# Given information
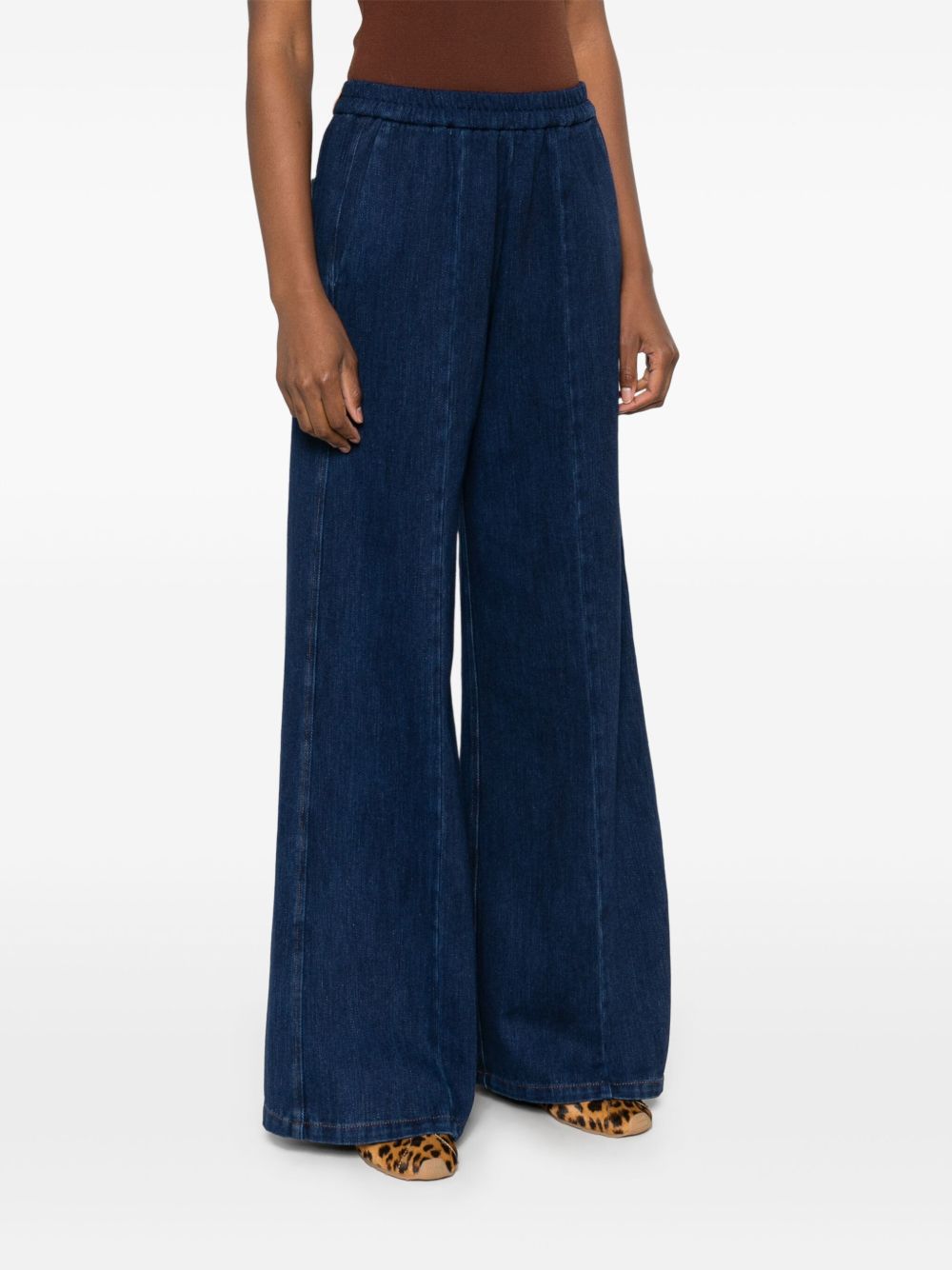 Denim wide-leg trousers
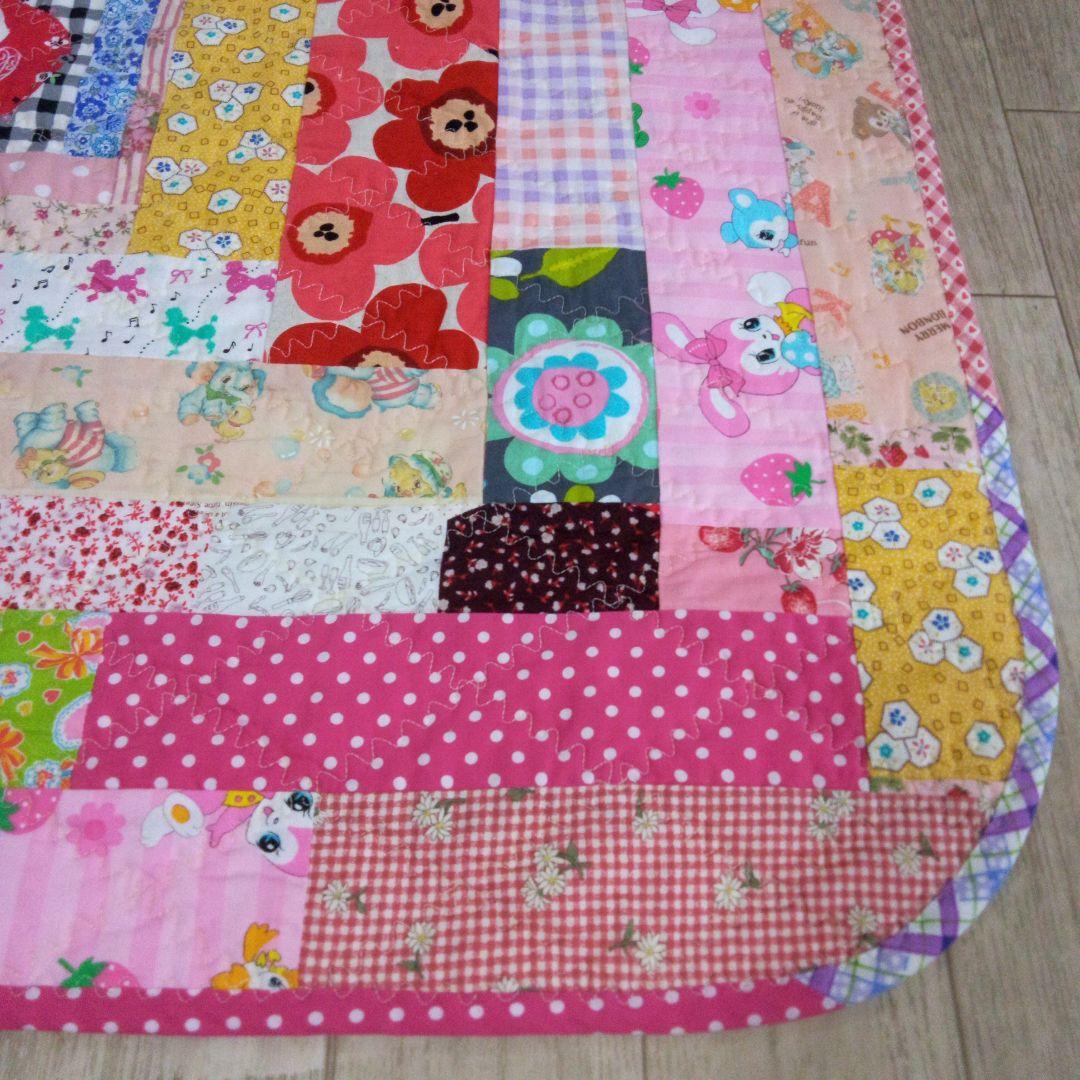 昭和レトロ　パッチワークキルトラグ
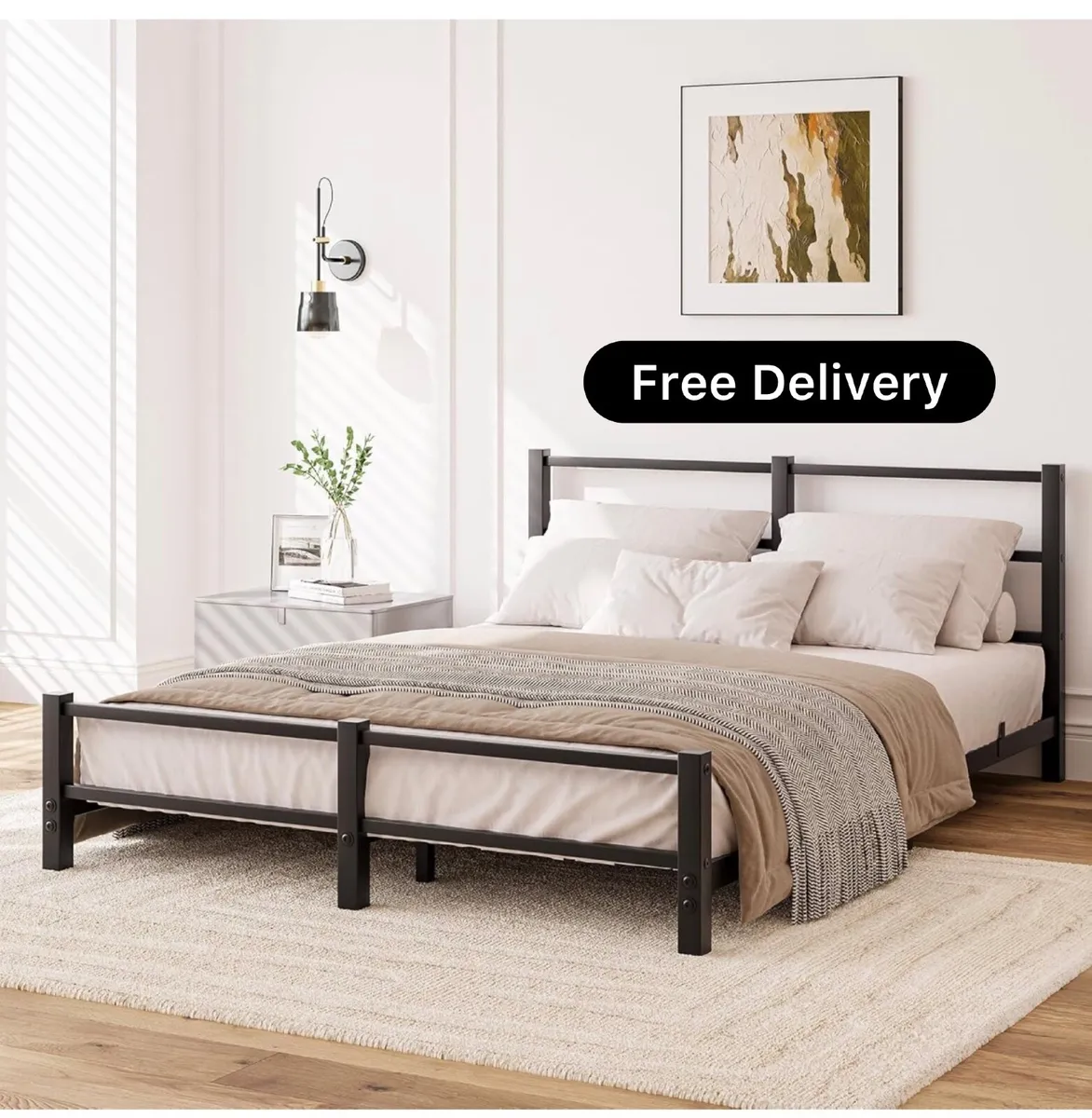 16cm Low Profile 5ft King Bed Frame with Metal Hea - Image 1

# What needs to be done
Return all of the lines above without alteration, minus the pictures.

# Reply
 Denim wide-leg trousers
 昭和レトロ　パッチワークキルトラグ
 16cm Low Profile 5ft King Bed Frame with Metal Hea - Image 1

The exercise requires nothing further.